►
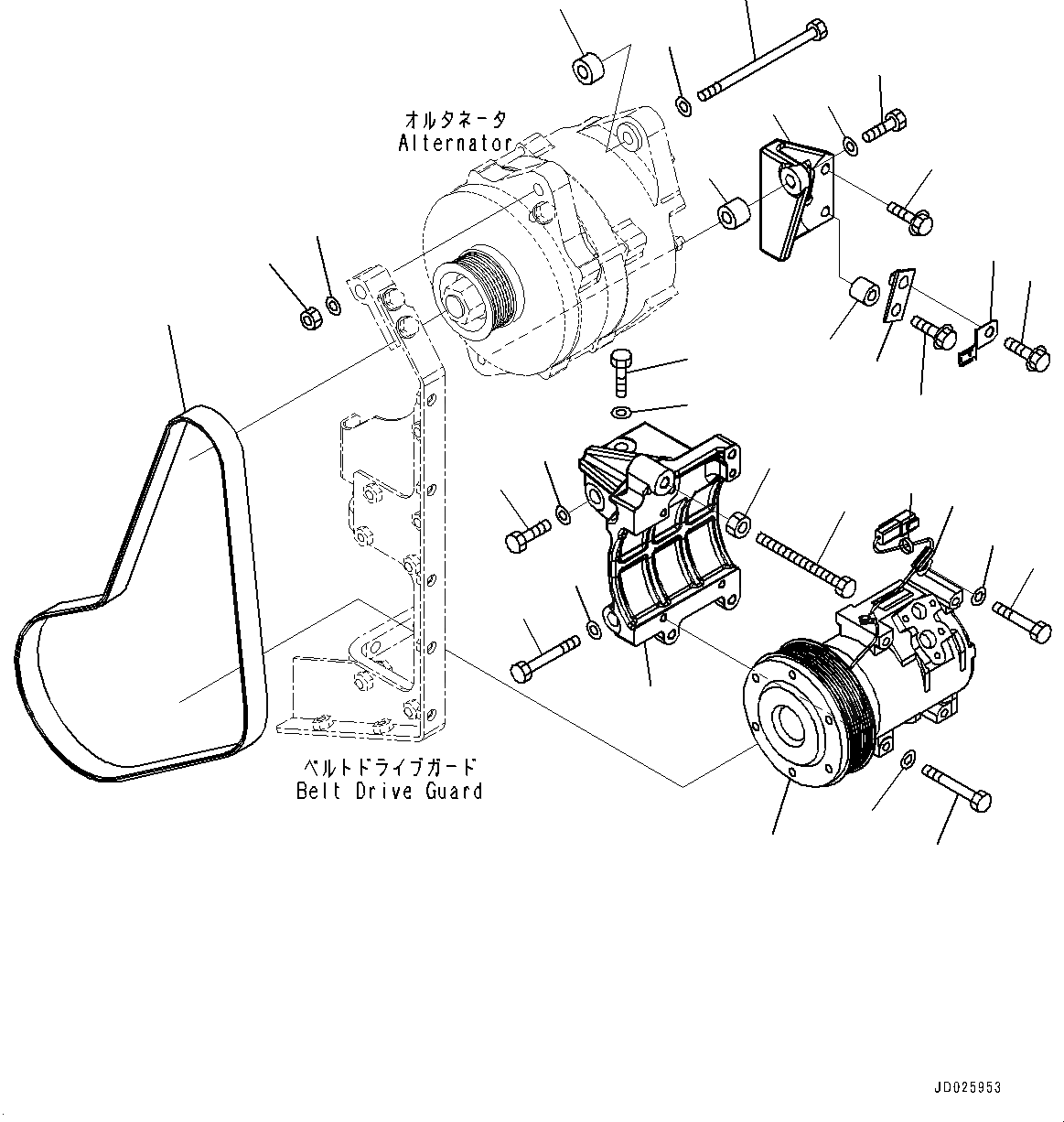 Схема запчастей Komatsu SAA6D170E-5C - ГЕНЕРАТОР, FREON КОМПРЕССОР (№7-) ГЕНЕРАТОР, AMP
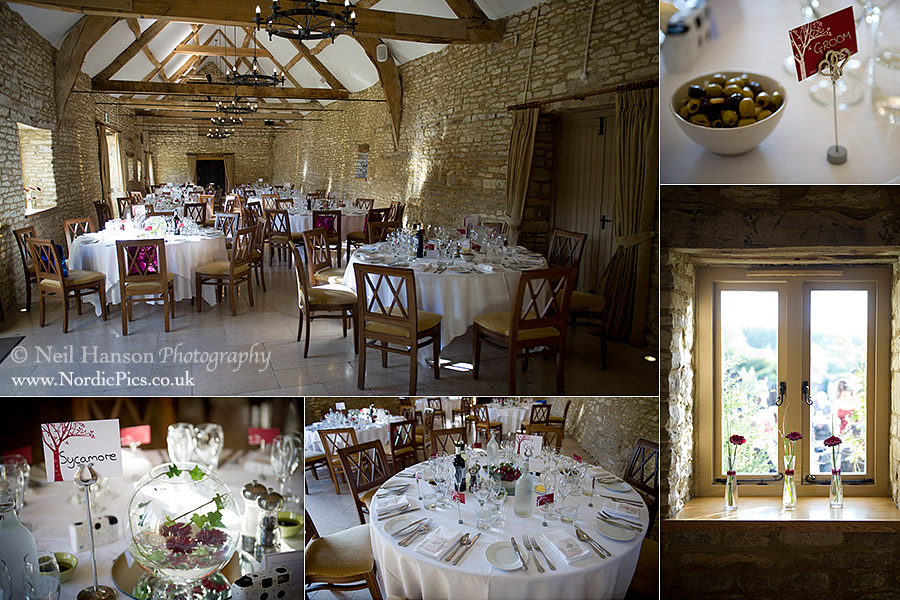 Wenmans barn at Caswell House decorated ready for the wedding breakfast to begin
◄
►
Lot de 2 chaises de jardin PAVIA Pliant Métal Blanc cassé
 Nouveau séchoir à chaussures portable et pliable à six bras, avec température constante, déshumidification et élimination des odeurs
◄
►
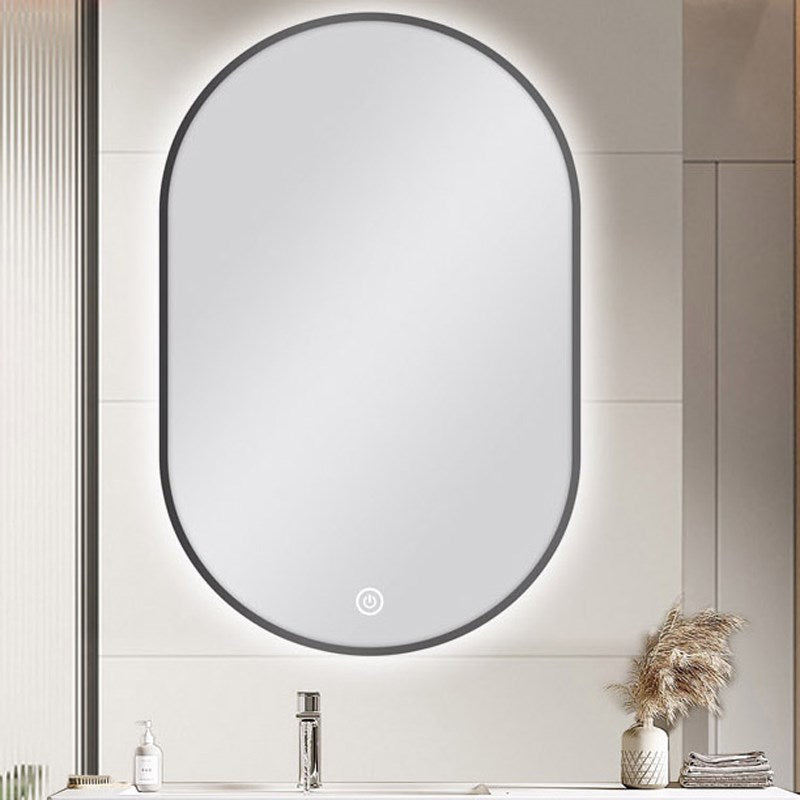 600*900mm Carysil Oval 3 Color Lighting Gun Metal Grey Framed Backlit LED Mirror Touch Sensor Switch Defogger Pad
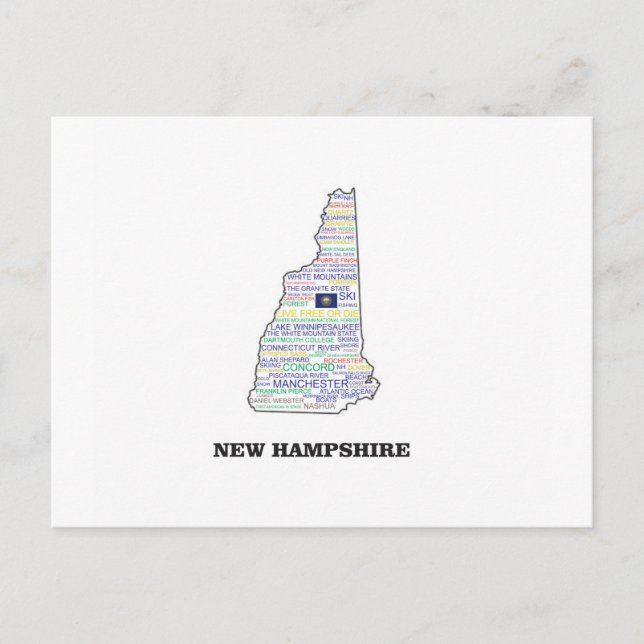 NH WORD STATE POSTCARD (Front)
◄
> [WHAT TO WORK ON]
An exact copy is needed. It runs from the line above containing "Схема запчастей Komatsu" down to the line containing "Wenmans barn at", both included, with no pictures.

> [ANSWER FOR THE TASK]
 Схема запчастей Komatsu SAA6D170E-5C - ГЕНЕРАТОР, FREON КОМПРЕССОР (№7-) ГЕНЕРАТОР, AMP
 Wenmans barn at Caswell House decorated ready for the wedding breakfast to begin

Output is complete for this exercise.